La mise en cause de Diane 35, un traitement anti-acné largement utilisé comme un contraceptif depuis vingt ans, pose une nouvelle fois la question des médicaments prescrits en dehors des indications autorisées, comme ce fut le cas pour le Mediator.
"On n'a pas vraiment tiré les conséquences de l'affaire du Mediator", un anti-diabétique utilisé comme coupe-faim qui a fait de nombreux morts, relève Me Philippe Courtois, l'un des avocats de femmes s'estimant victimes de pilules contraceptives.
Après une première plainte en décembre, quatorze autres ont été déposées jeudi dernier devant le tribunal de Bobigny dont une concernant Diane 35, du laboratoire allemand Bayer.
"Rien que depuis hier soir, nous avons eu une centaine de témoignages que nous sommes en train d’étudier" ajoute l'avocat.
Moins d'un mois après la campagne lancée par les autorités sanitaires pour restreindre la prescription des pilules de 3e et 4e génération, qui présentent des risques accrus de formation de caillots sanguins par rapport à celles de 2e génération, l'Agence du médicament (ANSM) a reconnu dimanche qu'au moins quatre décès pouvaient être imputés à Diane 35 depuis 1987.
Lundi matin, le patron de l'ANSM Dominique Maraninchi a déclaré qu'il fallait "arrêter" d'utiliser ce médicament comme un contraceptif. "Ça fait 25 ans que ça dure en France alors que Diane 35 n'est pas autorisé comme contraceptif" a-t-il insisté sur RTL, précisant que l'agence travaillait depuis un an sur ce médicament pour évaluer son bénéfice/risque.
Mais les dermatologues semblent avoir été peu nombreux à prescrire ce traitement et, pour ce genre de cas, préféraient renvoyer leurs patientes vers des gynécologues.
Ambiguïté
"L'indication était bien l'acné, mais comme il s'agissait de jeunes filles de 15-16 ans, certains dermatologues préféraient nous les envoyer pour un petit bilan", précise le Dr Béatrice Guigues, vice-présidente du Collège national des gynécologues et obstétriciens français (CNGOF).
Elle reconnaît toutefois l'existence d'une certaine "ambiguïté" autour de ce médicament, qui doit être pris pendant deux ans "pour une efficacité durable sur l'acné" et qui bénéficie également d'une AMM associée comme contraceptif dans certains pays.
Sans compter "qu'il n'est pas toujours très facile à de très jeunes filles d'expliquer à leurs parents qu'elles prennent la pilule", ajoute le Dr Guigues.
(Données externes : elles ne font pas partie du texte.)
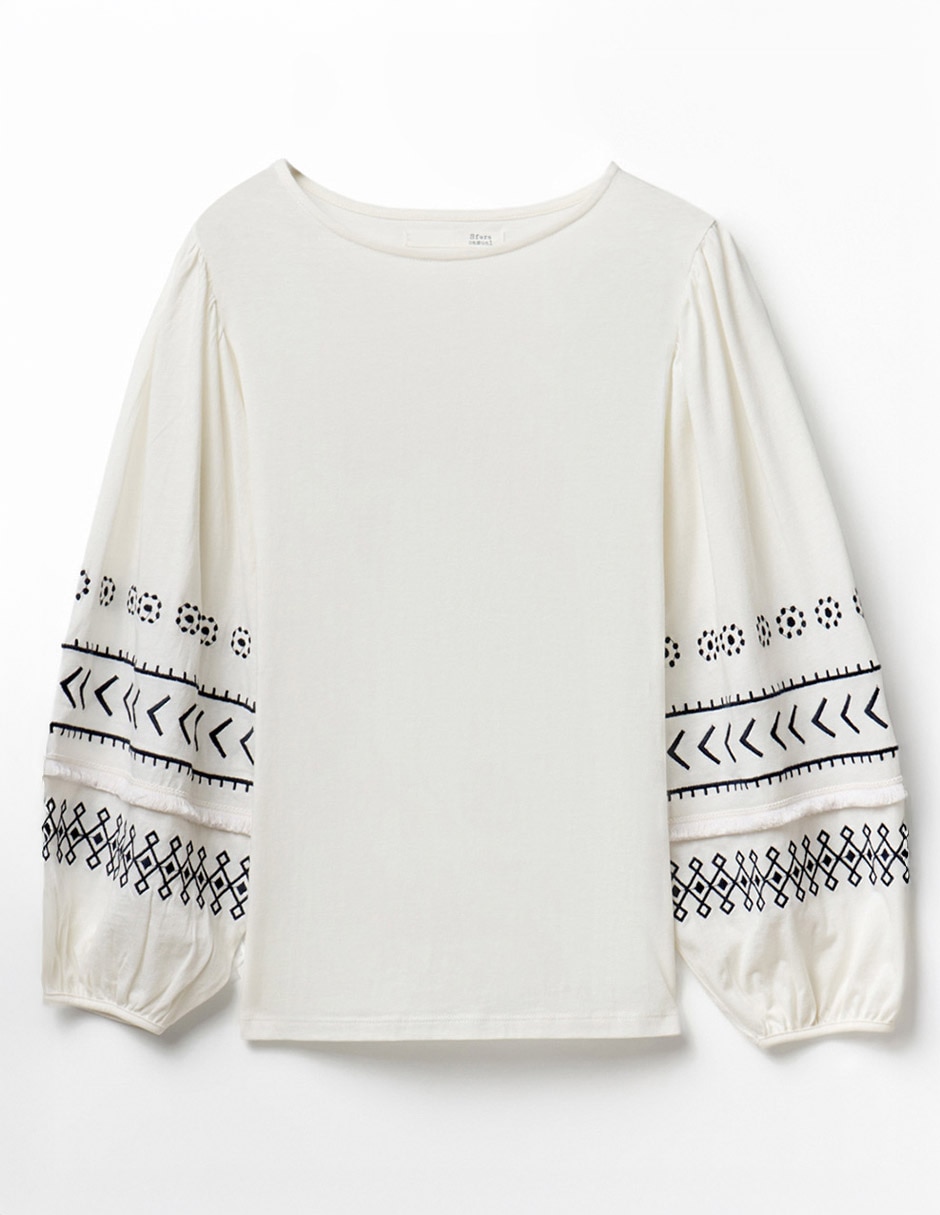 Camiseta Sfera cuello redondo manga larga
Le cas de Diane 35 n'est pas sans rappeler celui du Mediator (principe actif : benfluorex), commercialisé en France de 1976 à 2009 par le groupe Servier, et qui avait une AMM d'adjuvant au régime antidiabétique. En réalité, il a été largement prescrit comme coupe-faim. Il aurait fait au moins 500 morts, selon l'ANSM, avant son interdiction en 2009.
Les prescriptions hors AMM existent principalement en pédiatrie, en psychiatrie, en cancérologie et dans les maladies orphelines, la plupart du temps faute d'alternative.
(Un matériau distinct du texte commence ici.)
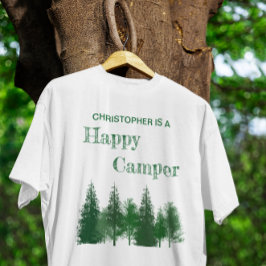 Camiseta Cumpleaños de los Árboles de Woodland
La loi sur la réforme du médicament adoptée en décembre 2011 prévoit un encadrement renforcé et un meilleur suivi de ces pratiques afin d'identifier les pratiques à risques.
Parmi les médicaments largement prescrits hors AMM figure le baclofène, à l'origine un décontractant musculaire, désormais largement utilisé --parfois à haute dose-- pour aider au sevrage alcoolique et objet d'études spécifiques pour ce nouvel usage.
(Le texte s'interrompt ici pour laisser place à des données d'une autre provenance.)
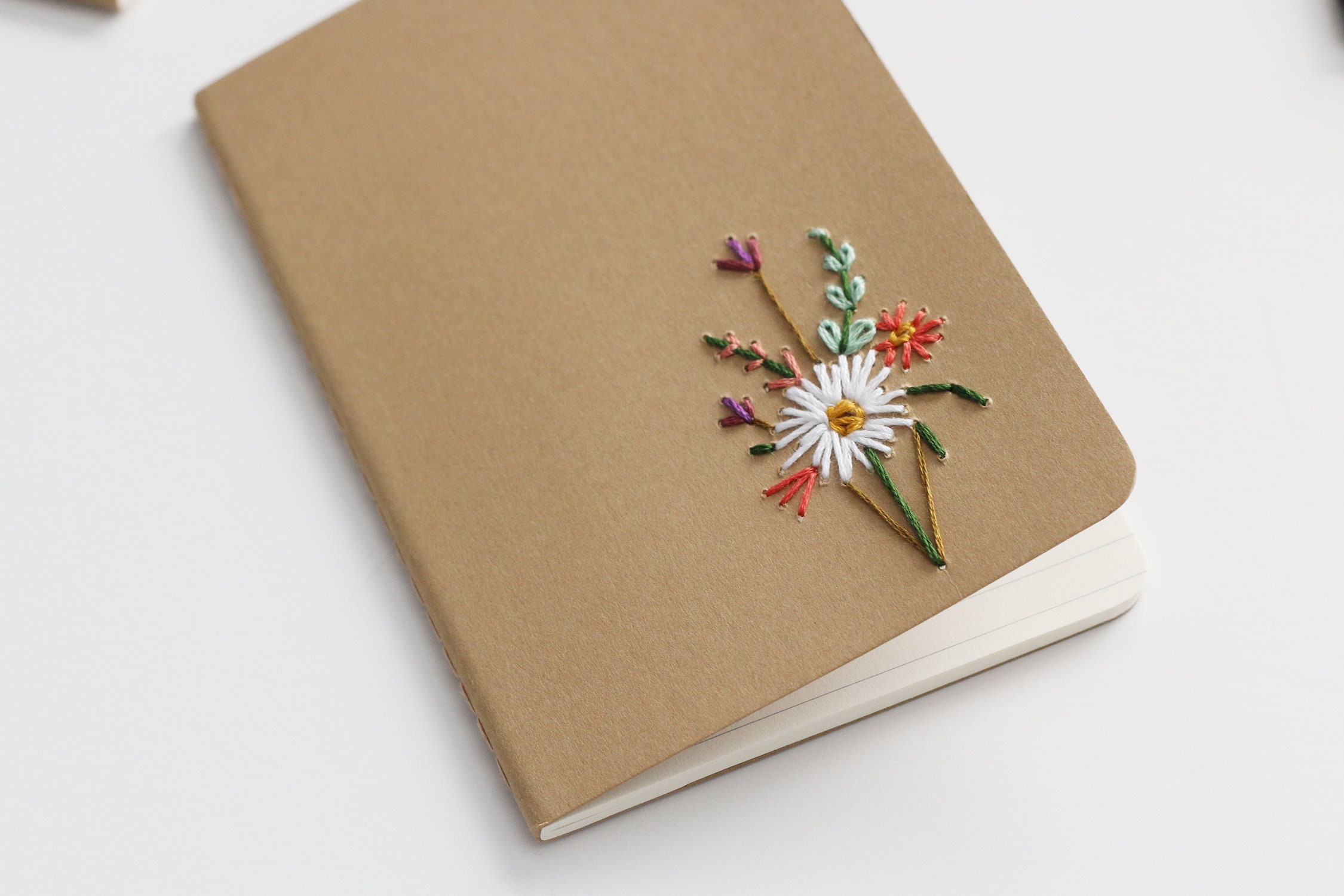 Embroidered Fabric Stitch Book to Make for Sketch, Journal or Needlework  PDF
Autre exemple : l'Avastin, anti-cancéreux du groupe Roche, est utilisé hors AMM par des ophtalmologues hospitaliers pour traiter des pathologies de l'oeil comme la dégénérescence maculaire liée à l'âge (DMLA). Le ministère de la Santé leur a demandé de cesser cette pratique motivée par son coût peu élevé par rapport au seul médicament autorisé pour traiter cette maladie le Lucentis de la firme Novartis (800 euros par injection mensuelle contre 30 à 50 euros pour l'Avastin).